Connectionist symbol processing: any progress?

Sat Aug 15 22:32:12 EDT 1998

On Sat, 15 Aug 1998, Mitsu Hadeishi wrote:

> Since you are using terms like "metric" extremely loosely, I was also doing
> so. 

Please, note that although I'm not that precise, I have not used the 
"terms like 'metric' extremely loosely".

> What I mean here is that with certain connectionist schemes, for example
> those that use an error function of some kind, one could conceive of the error
> measure as a kind of distance function (however, it is not a metric formally
> speaking).  However, the error measure is far more useful and important than
> the "metric" you might impose on the input space when conceiving of it as a
> vector space, since the input space is NOT a vector space.

If the input and "the intermediate" spaces are not vector spaces, then what is
the advantage of the "connectionist" architectures? 

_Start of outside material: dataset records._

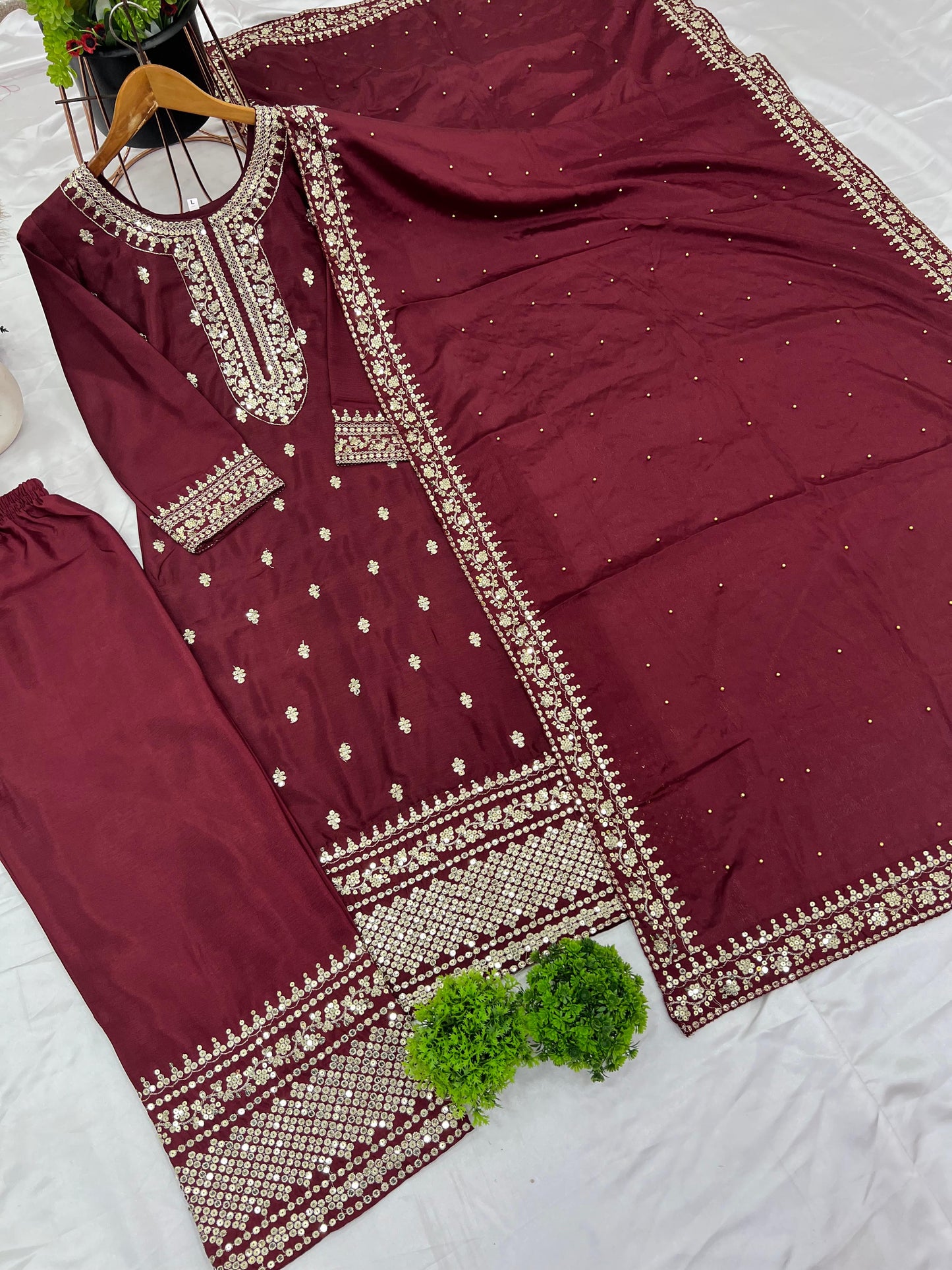 Chinnon And Heavy Embroidery Sequence Work Top-Bottom And Dupatta Set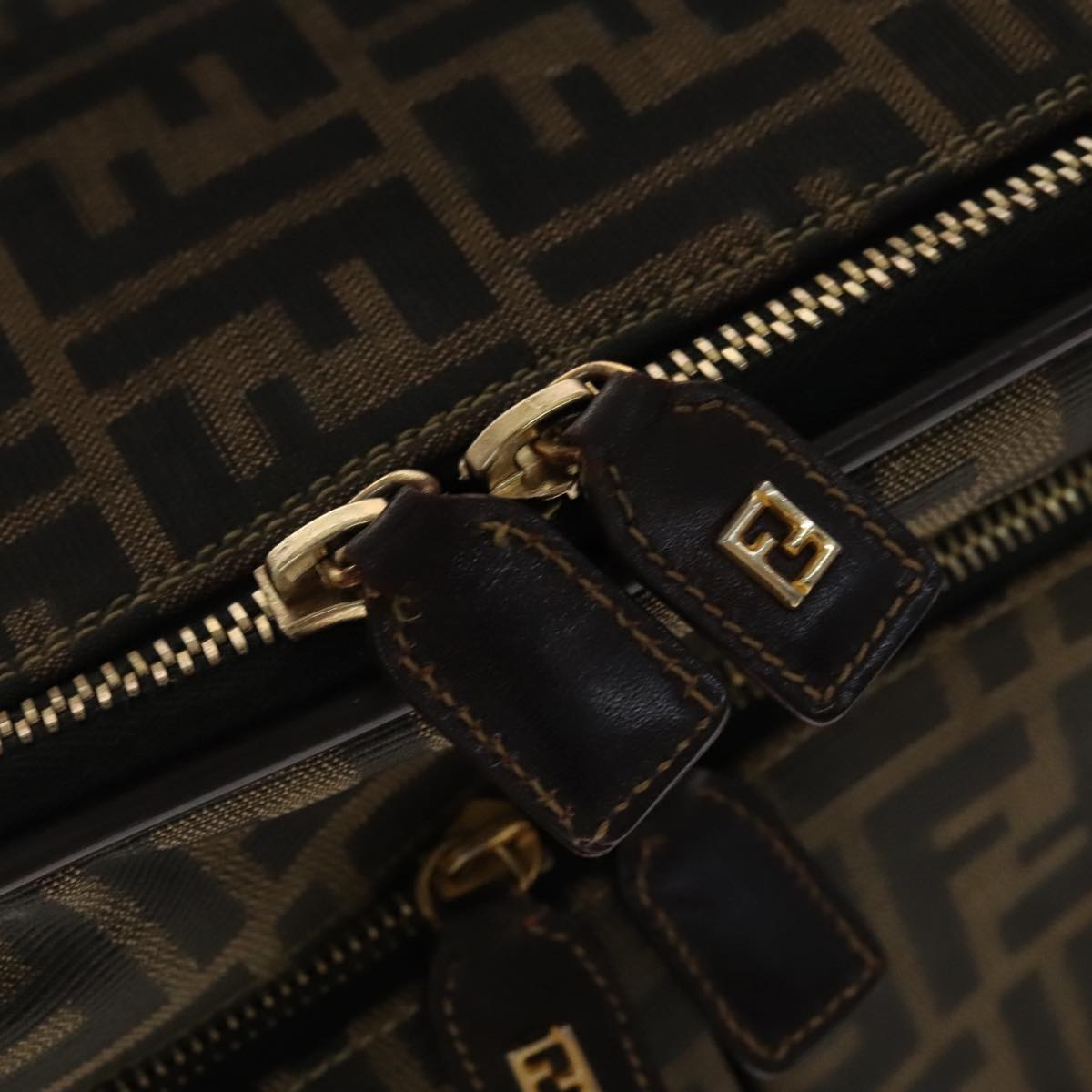 FENDI Zucca Canvas Carry Case Boston Bag Black Brown Auth mr869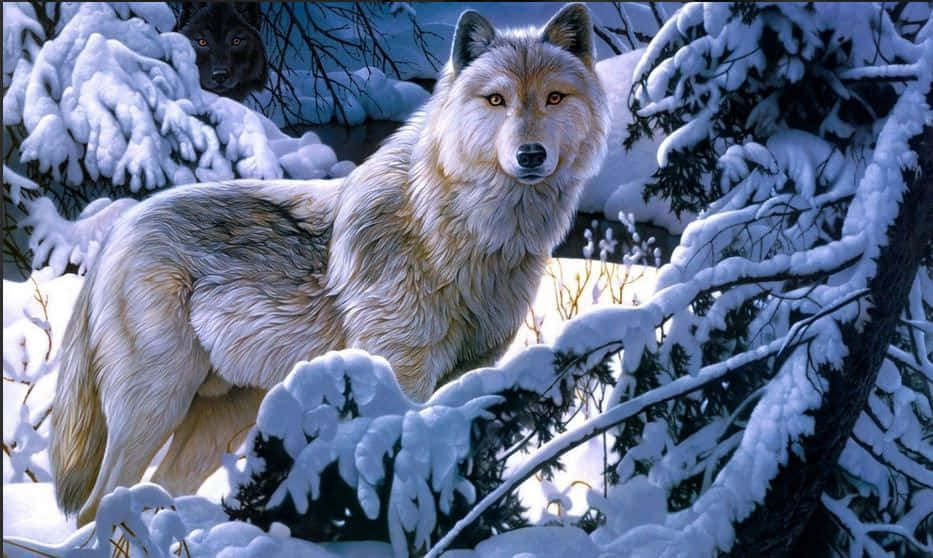 Majestic White Wolf in Snowy Wilderness Wallpaper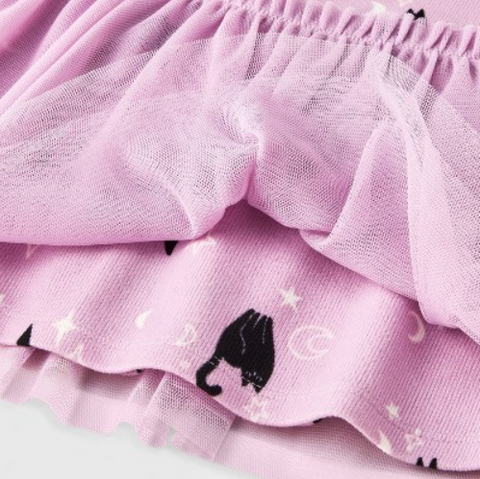 Cat & Jack Baby Girl's Lilac & Black Cat Witch Printed Long Sleeve Tulle Dress | Cat & Jack In Lebanon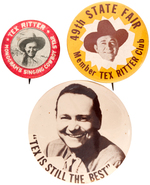 TEX RITTER THREE RARE BUTTONS FOR FAMOUS SINGING COWBOY.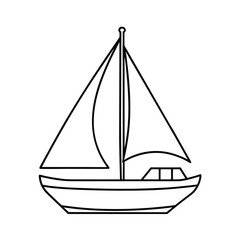 Isolated vector illustration of a white sailing yacht or boat for summer sea travel and nautical sports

> > If "the input space is NOT a vector space in the usual sense of the word",
> > then what is it? Are we talking about the formal concepts known in
> > mathematics or we don't care about such "trifle" things at all?
> > Remember, that "even" physicists care about such things, and I said
> > "even", because to model the inductive learning we will need more
> > abstract models.
> 
> As you (should) know, a vector space is supposed to have vector field
> symmetries.  For example, something should be preserved under rotations and
> translations of the input vectors.  However, what do you get when you do
> arbitrary rotations of the input to a connectionist network?  I don't mean
> rotations of, say, the visual field to a pattern recognition network, but
> rather taking the actual values of the inputs to each neuron in a network as
> coordinates to a vector, and then "rotating" them or translating them, or
> both.  What meaning does this have when used with a recurrent connectionist
> architecture?  It seems to me that it has very little meaning if any.
> 
> > [metrics are equivalent if they induce the same topology, or the same
> > convergence]
> 
> Again, the only really important function is the structure of the error
> function, not the "metric" on the input space conceived as a vector space, and
> it isn't even a metric in the usual sense of the word.
> 
> > Can I give you a one sentence answer? If you look very carefully at the
> > topologies induced on the set of strings (over an alphabet of size > 1) by
> > various symbolic distances (of type given in the parity class problem),
> > then you will discover that they have hardly anything to do with the
> > continuous topologies we are used to from the classical mathematics. In
> > this sense, the difficulties ANNs have with the parity problem are only
> > the tip of the iceberg.
> 
> I do not dispute the value of your work, I simply dispute the fact that you
> seem to think it dooms connectionist approaches, because your intuitive
> arguments against connectionist approaches are not cogent it seems to me.
> While your work is probably quite valuable, and I think I understand what you
> are getting at, I see no reason why what you are talking about would prevent a
> connectionist approach (based on a recurrent or more sophisticated
> architecture) from being able to discover the same symbolic metric---because,
> as I say, the input space is not in any meaningful sense a vector space, and
> the recurrent architecture allows the "metric" of the learning algorithm, it
> seems to me, to acquire precisely the kind of structure that you need it
> to---or, at least, I do not see in principle why it cannot.  The reason this
> is so is again because the input is spread out over multiple presentations to
> the network.
> 
> There are good reasons to use connectionist schemes, however, I believe, as
> opposed to purely symbolic schemes.  For one: symbolic techniques are
> inevitably limited to highly discrete representations, whereas connectionist
> architectures can at least in theory combine both discrete and continuous
> representations.  

The main reason we are developing the ETS model is precisely related to
the fact that we believe it offers THE ONLY ONE POSSIBLE NATURAL (and
fundamentally new) SYMBIOSIS of the discrete and the continuous FORMALISMS
as opposed to the unnatural ones. I would definitely say (and you would
probably agree) that (if, indeed, this is the case) it is the most
important consideration.

Moreover, it turns out that the concept of a fuzzy set, which was
originally introduced in a rather artificial manner that didn't clarify
the underlying source of fuzziness (and this have caused an understandable
and substantial resistance to its introduction), emerges VERY naturally
within the ETS model: the definition of the class via the corresponding
distance function typically and naturally induces the fuzzy class boundary
and also reveals the source of fuzziness, which includes the interplay
between the corresponding weighted operations and (in the case of noise in
the training set) a nonzero radius. Note that in the parity class problem,
the parity class is not fuzzy, as reflected in the corresponding weighting
scheme and the radius of 0. 

>                      Two, it may be that the simplest or most efficient
> representation of a given set of rules may include both a continous and a
> discrete component; that is, for example, considering issues such as imprecise
> application of rules, or breaking of rules, and so forth.  For example,
> consider poetic speech; the "rules" for interpreting poetry are clearly not
> easily enumerable, yet human beings can read poetry and get something out of
> it.  A purely symbolic approach may not be able to easily capture this,
> whereas it seems to me a connectionist approach has a better chance of dealing
> with this kind of situation.
> 
> I can see value in your approach, and things that connectionists can learn
> from it, but I do not see that it dooms connectionism by any means.

See the previous comment.

Cheers,
        Lev